- [Your task]
Taking the listing below, restate word for word each line from the line with "Double Hole Muffler" to the line with "SHEIN 小女孩鏈條肩帶單肩印花連衣裙 - 白色 - 查看 2", ends included, and stop there.

- [Available records]
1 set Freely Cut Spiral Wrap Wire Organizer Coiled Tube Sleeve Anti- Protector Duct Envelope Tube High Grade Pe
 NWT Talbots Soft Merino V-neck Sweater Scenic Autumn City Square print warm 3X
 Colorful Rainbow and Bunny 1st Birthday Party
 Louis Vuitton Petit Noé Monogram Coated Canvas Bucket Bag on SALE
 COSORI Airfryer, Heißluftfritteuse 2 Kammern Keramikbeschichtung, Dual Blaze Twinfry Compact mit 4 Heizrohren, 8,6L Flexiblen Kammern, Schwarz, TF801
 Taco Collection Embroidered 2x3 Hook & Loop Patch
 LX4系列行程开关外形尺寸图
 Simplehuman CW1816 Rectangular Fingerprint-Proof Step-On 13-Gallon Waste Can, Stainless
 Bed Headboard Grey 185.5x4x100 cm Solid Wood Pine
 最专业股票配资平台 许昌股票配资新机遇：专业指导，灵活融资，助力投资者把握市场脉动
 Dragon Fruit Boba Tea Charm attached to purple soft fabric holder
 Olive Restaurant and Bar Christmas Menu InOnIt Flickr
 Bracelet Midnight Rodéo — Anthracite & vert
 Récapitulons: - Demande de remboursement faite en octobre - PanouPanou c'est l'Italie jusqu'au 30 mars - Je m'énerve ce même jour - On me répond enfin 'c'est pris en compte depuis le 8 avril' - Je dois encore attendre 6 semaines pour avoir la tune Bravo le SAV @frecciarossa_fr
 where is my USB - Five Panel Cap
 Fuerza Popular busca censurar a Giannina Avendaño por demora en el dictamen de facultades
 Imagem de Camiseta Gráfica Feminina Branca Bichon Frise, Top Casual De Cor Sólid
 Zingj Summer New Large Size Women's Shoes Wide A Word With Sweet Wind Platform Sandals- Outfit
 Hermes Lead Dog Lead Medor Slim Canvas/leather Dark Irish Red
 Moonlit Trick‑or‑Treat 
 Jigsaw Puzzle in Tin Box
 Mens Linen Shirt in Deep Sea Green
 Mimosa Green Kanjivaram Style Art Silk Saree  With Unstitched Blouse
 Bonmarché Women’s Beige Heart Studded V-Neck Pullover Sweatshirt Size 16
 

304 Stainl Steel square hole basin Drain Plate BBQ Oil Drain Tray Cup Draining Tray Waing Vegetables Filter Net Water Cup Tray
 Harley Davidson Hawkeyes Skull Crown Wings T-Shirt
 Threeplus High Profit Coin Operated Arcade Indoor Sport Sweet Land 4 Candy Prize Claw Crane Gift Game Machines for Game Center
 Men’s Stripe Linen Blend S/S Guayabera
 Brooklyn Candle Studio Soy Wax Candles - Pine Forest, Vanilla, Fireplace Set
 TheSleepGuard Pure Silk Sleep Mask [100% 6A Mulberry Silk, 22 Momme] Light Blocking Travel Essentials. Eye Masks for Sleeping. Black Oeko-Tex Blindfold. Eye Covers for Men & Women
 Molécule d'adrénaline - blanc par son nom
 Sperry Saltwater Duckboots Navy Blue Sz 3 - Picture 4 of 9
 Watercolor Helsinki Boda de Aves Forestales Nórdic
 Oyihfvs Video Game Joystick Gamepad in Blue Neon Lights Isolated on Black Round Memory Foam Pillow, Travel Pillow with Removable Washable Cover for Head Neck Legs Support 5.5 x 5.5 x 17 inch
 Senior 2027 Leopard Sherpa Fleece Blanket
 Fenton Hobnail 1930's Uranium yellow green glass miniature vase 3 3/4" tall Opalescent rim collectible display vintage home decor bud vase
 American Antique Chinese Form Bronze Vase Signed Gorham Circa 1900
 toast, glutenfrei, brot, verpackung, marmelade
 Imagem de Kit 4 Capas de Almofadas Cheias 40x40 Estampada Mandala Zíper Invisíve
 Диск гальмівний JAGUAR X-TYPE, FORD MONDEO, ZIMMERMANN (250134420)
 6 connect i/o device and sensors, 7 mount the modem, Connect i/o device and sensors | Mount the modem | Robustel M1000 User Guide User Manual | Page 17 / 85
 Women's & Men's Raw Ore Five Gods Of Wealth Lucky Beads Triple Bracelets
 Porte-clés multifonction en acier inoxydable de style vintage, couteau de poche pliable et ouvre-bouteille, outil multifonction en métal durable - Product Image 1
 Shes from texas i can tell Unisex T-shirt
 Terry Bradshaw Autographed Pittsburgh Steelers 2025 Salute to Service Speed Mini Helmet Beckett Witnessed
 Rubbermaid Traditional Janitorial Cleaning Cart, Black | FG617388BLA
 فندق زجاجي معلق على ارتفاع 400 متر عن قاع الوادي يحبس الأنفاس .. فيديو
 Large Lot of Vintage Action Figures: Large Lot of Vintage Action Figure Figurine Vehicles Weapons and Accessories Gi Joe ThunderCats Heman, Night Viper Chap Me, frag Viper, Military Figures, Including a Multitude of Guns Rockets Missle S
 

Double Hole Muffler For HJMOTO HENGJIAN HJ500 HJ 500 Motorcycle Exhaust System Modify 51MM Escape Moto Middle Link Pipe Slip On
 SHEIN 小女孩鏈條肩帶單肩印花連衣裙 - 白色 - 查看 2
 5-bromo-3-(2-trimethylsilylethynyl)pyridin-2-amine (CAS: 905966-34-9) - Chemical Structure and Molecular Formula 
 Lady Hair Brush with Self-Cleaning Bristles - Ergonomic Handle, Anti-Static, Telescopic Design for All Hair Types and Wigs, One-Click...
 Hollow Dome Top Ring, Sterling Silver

- [The answer]
Double Hole Muffler For HJMOTO HENGJIAN HJ500 HJ 500 Motorcycle Exhaust System Modify 51MM Escape Moto Middle Link Pipe Slip On
 SHEIN 小女孩鏈條肩帶單肩印花連衣裙 - 白色 - 查看 2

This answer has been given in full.